In International Shipping News 12/10/2016
The Seoul Central District Court overseeing the receivership filing of Hanjin Shipping Co. is considering a disposal of the sales-and-marketing network of the container line’s Asia-U.S. operations as part of efforts to raise funds at the indebted company.
The plan was set in motion after a detailed evaluation of the company under bankruptcy protection indicated its assets could be more valuable if sold in parts, a court spokesman said by phone Tuesday. A sale would include employees and customers of Hanjin subsidiaries involved in handling Asia-U.S. cargo as well as some vessels, he said. The court intends to make a decision as soon as possible, he said.
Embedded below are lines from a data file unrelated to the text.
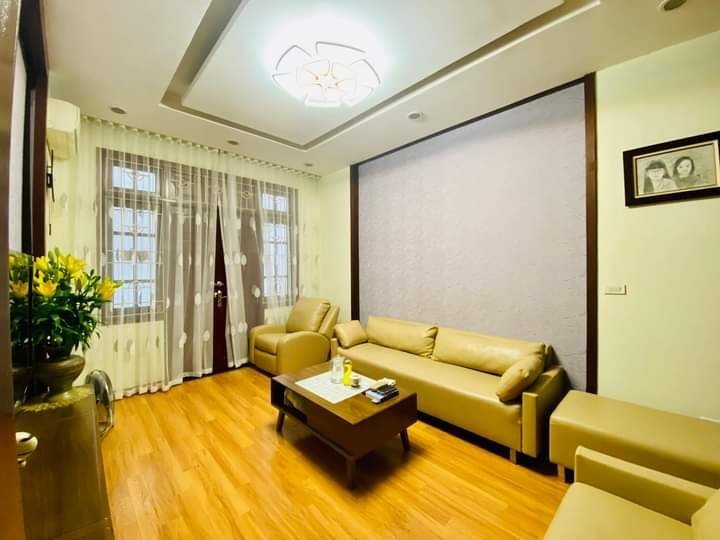 BÁN NHÀ TRUNG KÍNH - 105M 6T MT 4.8 19.1 TỶ SIÊU HIẾM TOÀ NHÀ VĂN PHÒNG - PHÂN LÔ VIP CẦU GIẤY - GARA - 2 THOÁNG - KINH DOANH ĐA DẠNG. 2
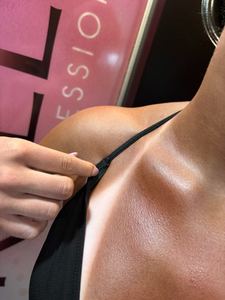 Permanent makeup work by Tan Athens + Wellness in Athens, GA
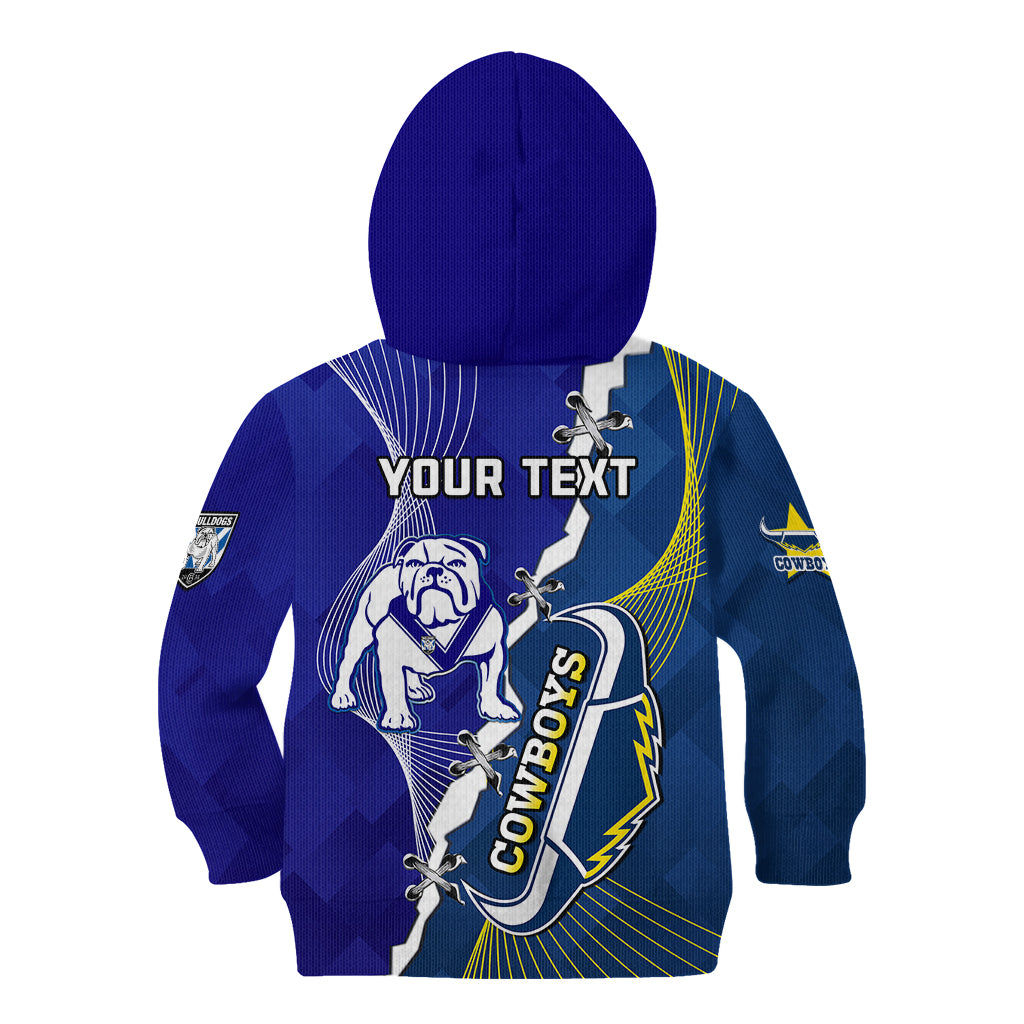 custom-personalised-bulldogs-mix-cowboys-rugby-kid-hoodie-sporty-style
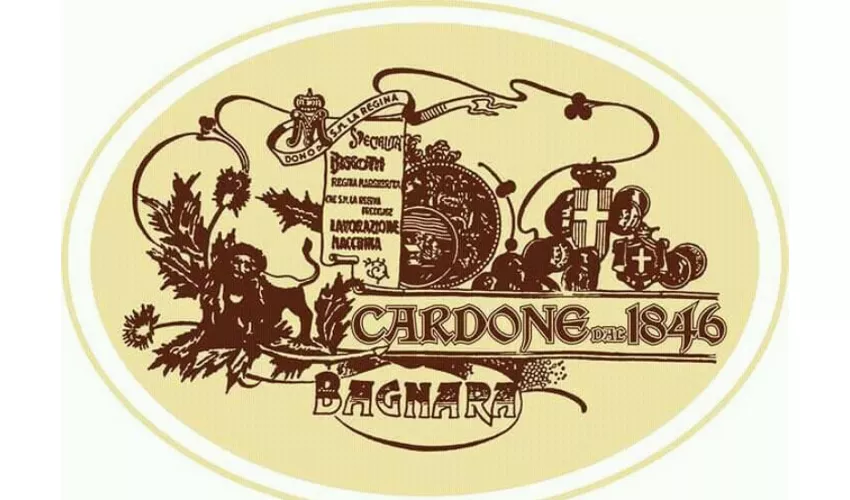 Cardone 1846 Bagnara Calabra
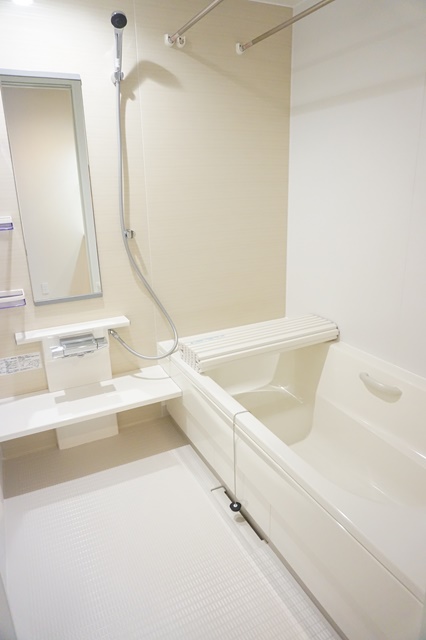 ☆築浅3LDK☆ホワイト イン ブラック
The effort to sell the company in parts comes after the court indicated last month that it would consider selling the entire container line, which sought bankruptcy protection in August. Hanjin, South Korea’s biggest container line, fell victim to a global slump in trade that has depressed freight rates and led to losses, consolidation and job cuts among other shipping companies. The Seoul-based company sought protection after creditors halted all financial support, causing its ships to be stranded at sea and disrupting the global supply chain ahead of the year-end holiday season.
The Seoul court, which established a committee to evaluate Hanjin, hasn’t determined what to do with Hanjin’s other operations including those moving goods between Asia and Europe, the spokesman said. Hanjin is required to submit its own proposal for revival by Dec. 23.
Yesterday, the judge met with the evaluating officials, who are also helping the court to review a possible sale of Hanjin’s operations, the spokesman said. The court has yet to decide on the number of vessels or how many workers could be affected by a sale of the U.S.-Asia operations, he said. Hanjin Shipping had 1,428 employees as of June 30, according to its half-year financial report.
Hanjin closed unchanged at 1,025 won in Seoul trading. The stock has plunged 72 percent this year, cutting its market value to about 251 billion won ($224 million).
Its market share has also shrunk as customers defected, dropping to 1.3 percent as of Oct. 11 and making Hanjin the 17th biggest container line, according to shipping data provider Alphaliner. Before the company’s filing, it was in seventh place and controlled 2.9 percent of the market.